O trabalho de Mortensen acabou, em última análise, por se tornar a base para o seu papel, tendo levado a modificações no guião e inclusivamente fornecido pistas a Cronenberg. O actor elogia o realizador por este lhe conceder liberdade criativa para levar as suas personagens a níveis surpreendentes. Cronenberg afirmou que não poderia trabalhar de outra maneira. "Na verdade, inventei-me como realizador. Imensos realizadores são muito territoriais e não querem ouvir quaisquer sugestões de outras pessoas, especialmente dos actores." "Não querem admitir que não sabem uma determinada coisa", opina Mortensen. "É uma questão de controlo e receio", segundo Cronenberg - ele, pelo contrário, pede aos actores que "venham divertir-se". "Quando se aceita essa infantilidade", afirma, "tudo o resto se torna mais claro."
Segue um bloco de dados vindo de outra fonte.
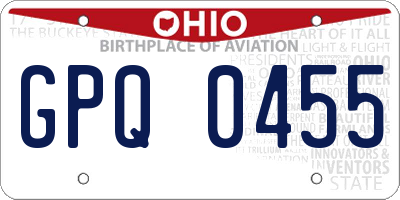 OH license plate GPQ0455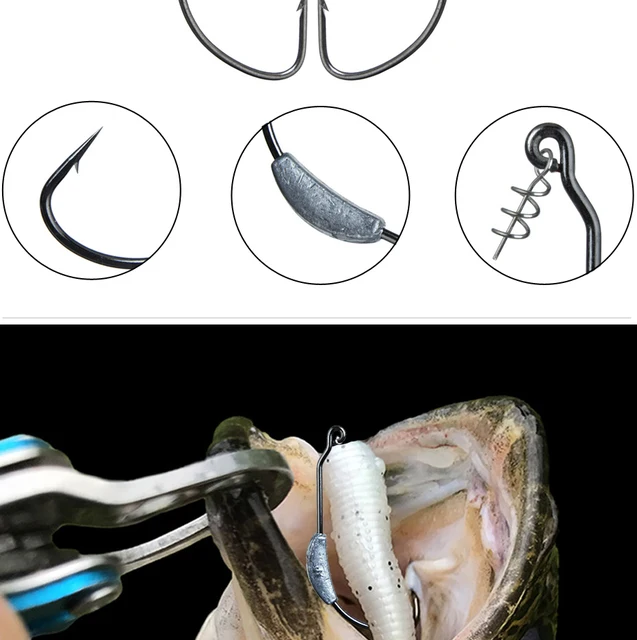 Best Shakey Head Jighigh Carbon Steel Offset Jig Head Fishing Hooks 2g-9g  For Texas Rigs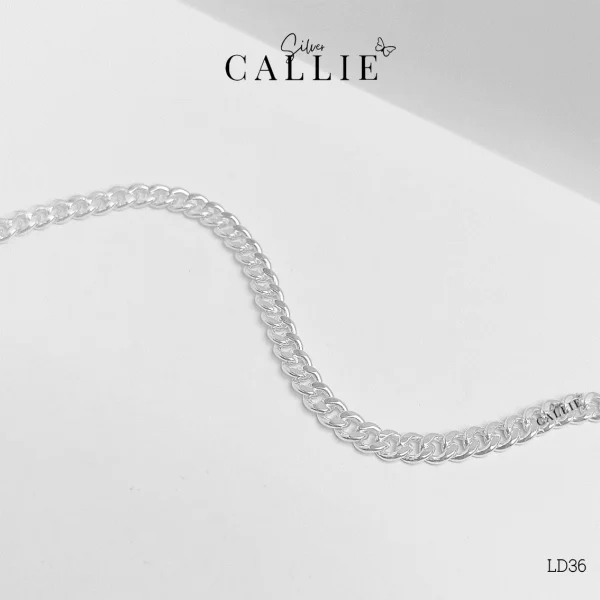 LD36 - Lắc đôi bạc Callie Silver dạng lật 6.1mm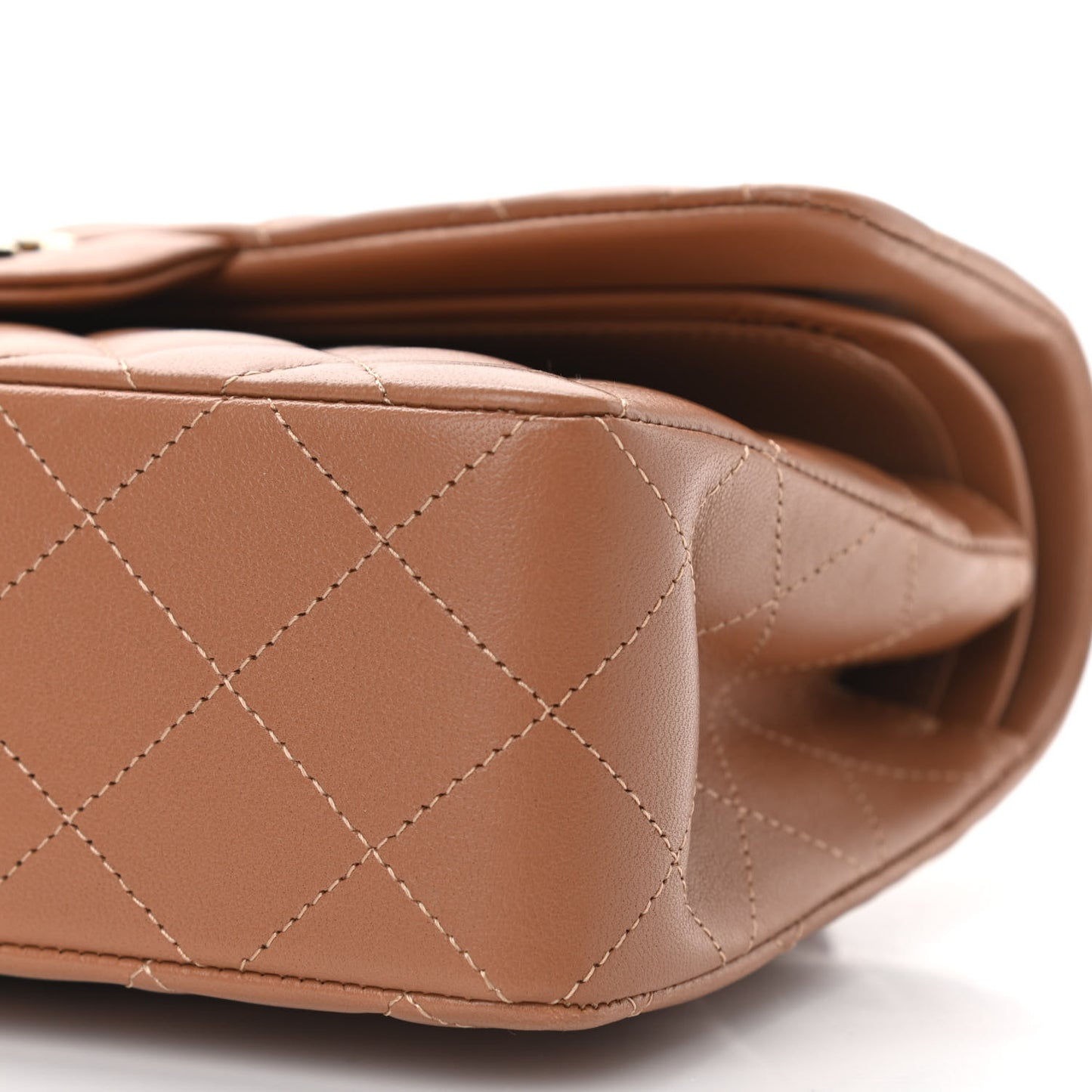 Lambskin Quilted Small Double Flap Brown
A nudez de Mortensen na cena da luta é um exemplo perfeito de como a relação entre actor e realizador foi benéfica para o filme. Apesar da sua complexidade - uma luta corpo a corpo entre três sujeitos num espaço acanhado e escorregadio -, os ensaios levaram apenas algumas horas e ao fim de dois dias a cena estava finalizada. "Eu sabia que estava em boas mãos no que tocava ao realizador", diz Mortensen. "Não seria uma exploração... Depois daquela luta, a minha personagem sabe que tudo está diferente. Não havia outra forma de fazer aquilo. Portanto, em frente. Quando mais depressa acabássemos, mais rapidamente poderia curar-me." "O caracterizador dizia: "Viram como os joelhos do Vigo estão inchados?"", acrescenta Cronenberg. "Eu respondi: "Não. E não me fales nisso.""

Evocando a sua vigorosa e explosiva cena de sexo numa escada em "Uma História da Violência", com Maria Bello, Mortensen observou sarcasticamente. "É vingança para Maria Bello."